"Le Lambeau", Philippe Lançon

Discuter de tout et de rien

Modérateur : modérateurs

Répondre
Charlie Brown
Messages : 2853
Enregistré le : 06 sept. 2005, 21:19

"Le Lambeau", Philippe Lançon

Message par Charlie Brown »

Image



Je vous cause rarement de mes lectures. Mais là, c'est plus fort que moi. Des lectures indispensables, qui vous travaillent de l'intérieur, qui marquent une vie de lecteur, y'en a pas tant que ça dans une vie, justement.

Jusque là, je n'avais rien eu envie de lire sur le massacre de Charlie Hebdo. Mais, au hasard d'une émission de radio écoutée d'une oreille distraite, j'ai entendu prononcer le mot "littérature", pour qualifier ce livre. Je ne lis que rarement, voire jamais, les témoignages. La littérature, en revanche…

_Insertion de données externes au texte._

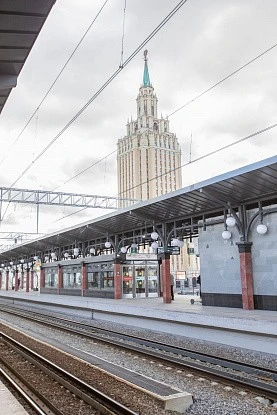 Фотосъемка городской инфраструктуры 20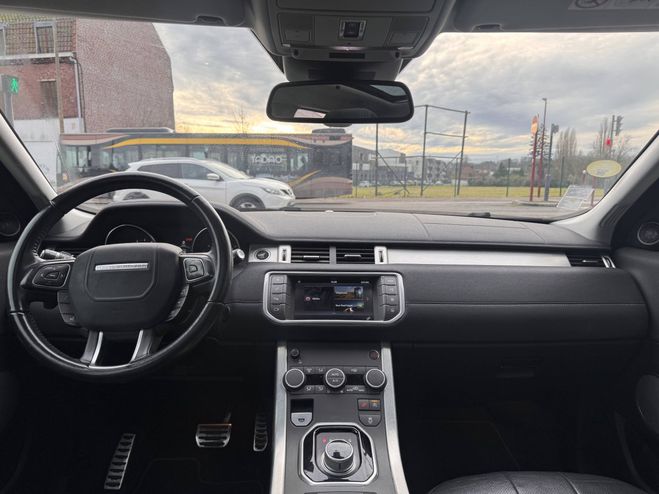 Land rover Range Rover Evoque 2.0 TD4 150 SE BVA Mark IV GRIS de 2016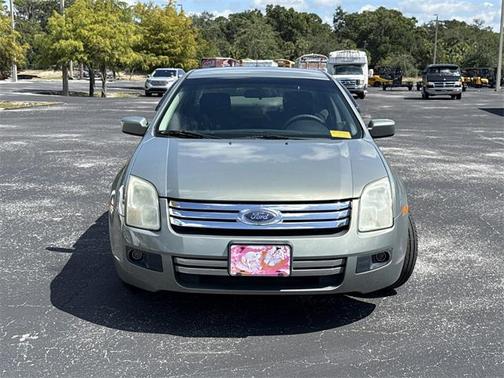 2008 Ford Fusion SE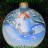 новогодний  шар "Мельница"(8,5см) КУ-85-54 - 7600184_2.jpg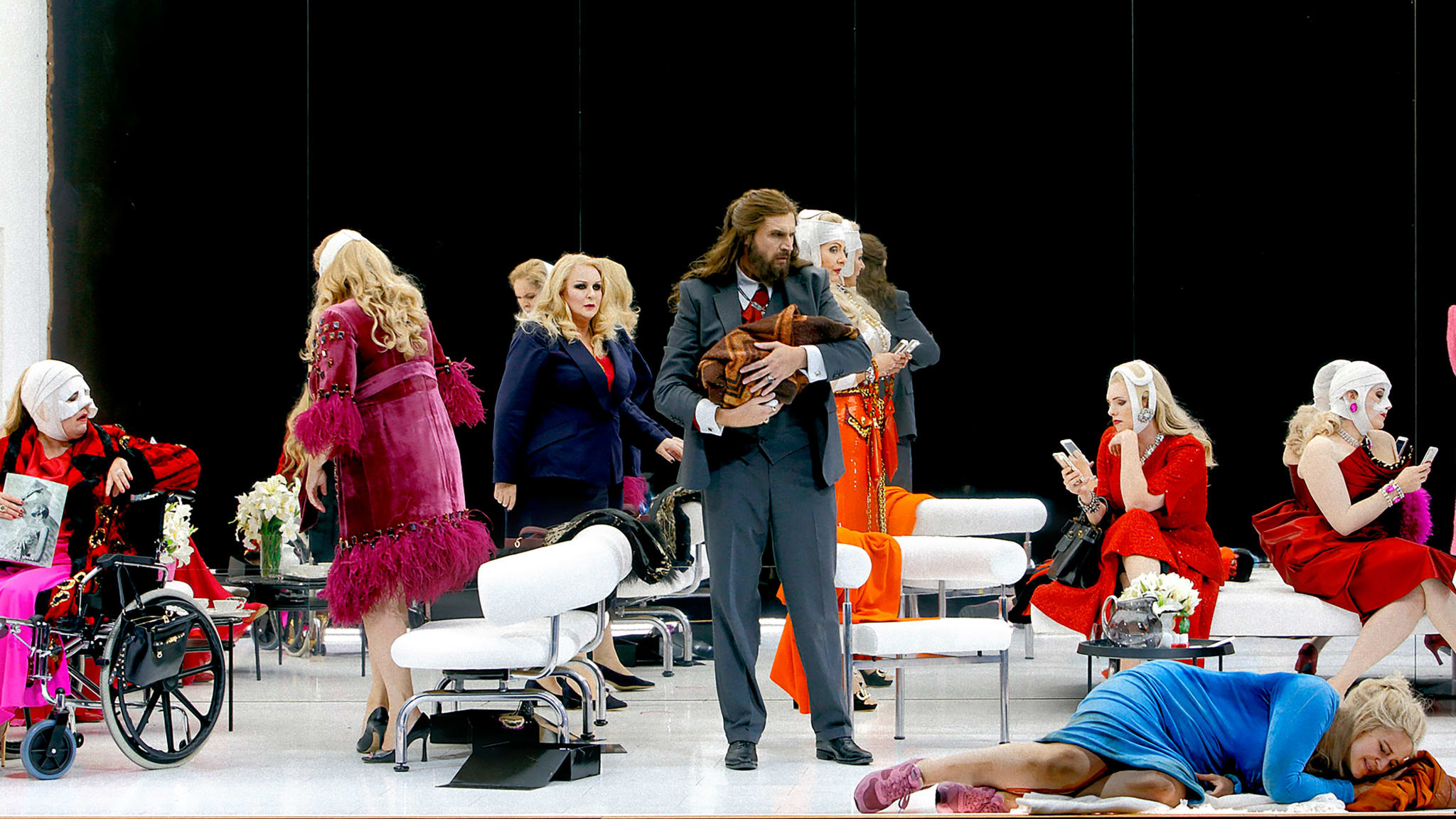 Bayreuth's new Ring: Die Walküre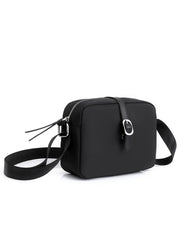 PU Leather Women Shoulder Bags Solid Handbags Crossbody Totes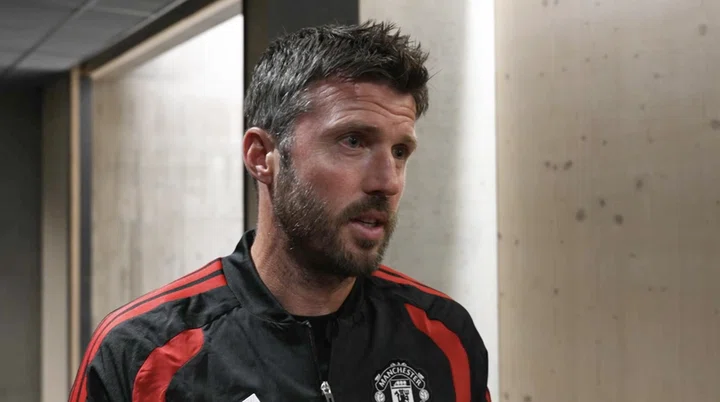 Michael Carrick pre-match interview
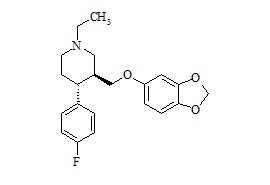 <em>PUNYW7215205</em> <em>Paroxetine</em> <em>Related</em> <em>Impurity</em> <em>4</em>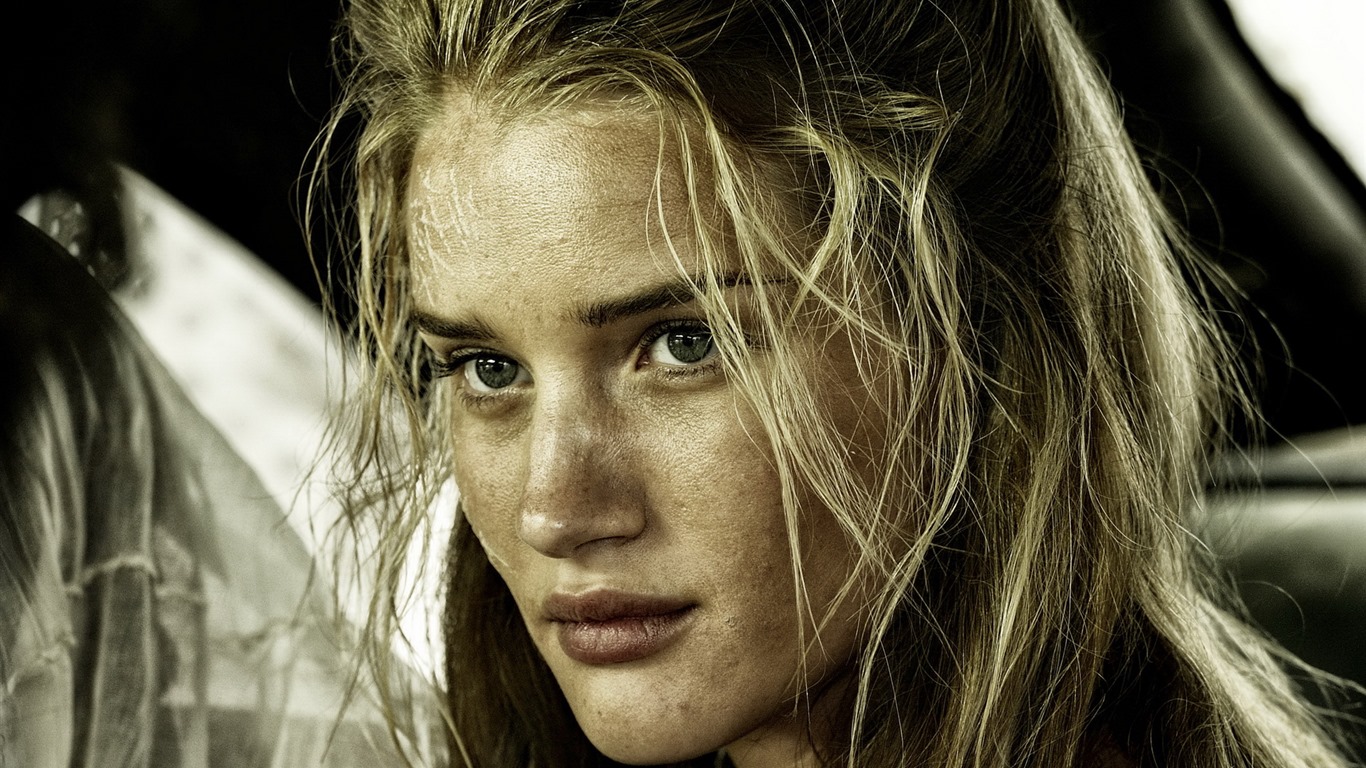 Mad Max: Fury Road, HD film tapety #24 - 1366x768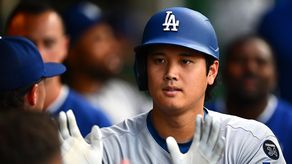 MLB: Shohei Ohtani conecta su cuadrangular 100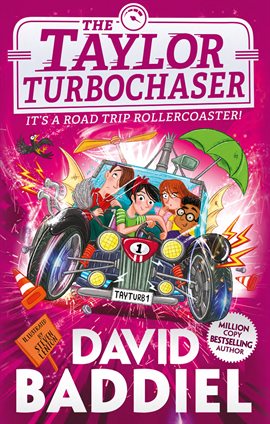 Cover image for The Taylor TurboChaser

J'ai été happé dès les premières lignes par la qualité d'écriture et j'ai avalé les 100 premières pages d'un coup ! Je n'ai pu lâcher le livre qu'après la lecture de ces cinq premiers chapitres, dont les deux derniers, éprouvants et hypnotiques, constituent le récit de l'attentat du point de vue de l'auteur. La nuit qui a suivi, je n'ai pas réussi à trouver le sommeil. Il m'a fallu trois bonnes journées pour digérer tout ça et pouvoir attaquer le chapitre 6 et les 400 pages suivantes, que j'ai lues petit morceau par petit morceau, et qui représentent le cœur de l'ouvrage : l'improbable reconstruction.

Car Philippe Lançon est une "Gueule cassée", au sens premier du terme, comme l'étaient certains soldats de la Première Guerre mondiale. D'ailleurs, quand les secours arrivent, il est tout de suite classé "blessure de guerre". Une des balles qui l'ont atteint lui a arraché le bas du visage, le menton, la mâchoire inférieure ("pulvérisés sur l'autel de la violence éternelle", comme dit le chanteur). Il ne peut plus manger, plus parler, à peine écrire, sur une ardoise. Quatre mois à la Pitié-Salpêtrière, six mois aux Invalides. Une vingtaine d'opérations.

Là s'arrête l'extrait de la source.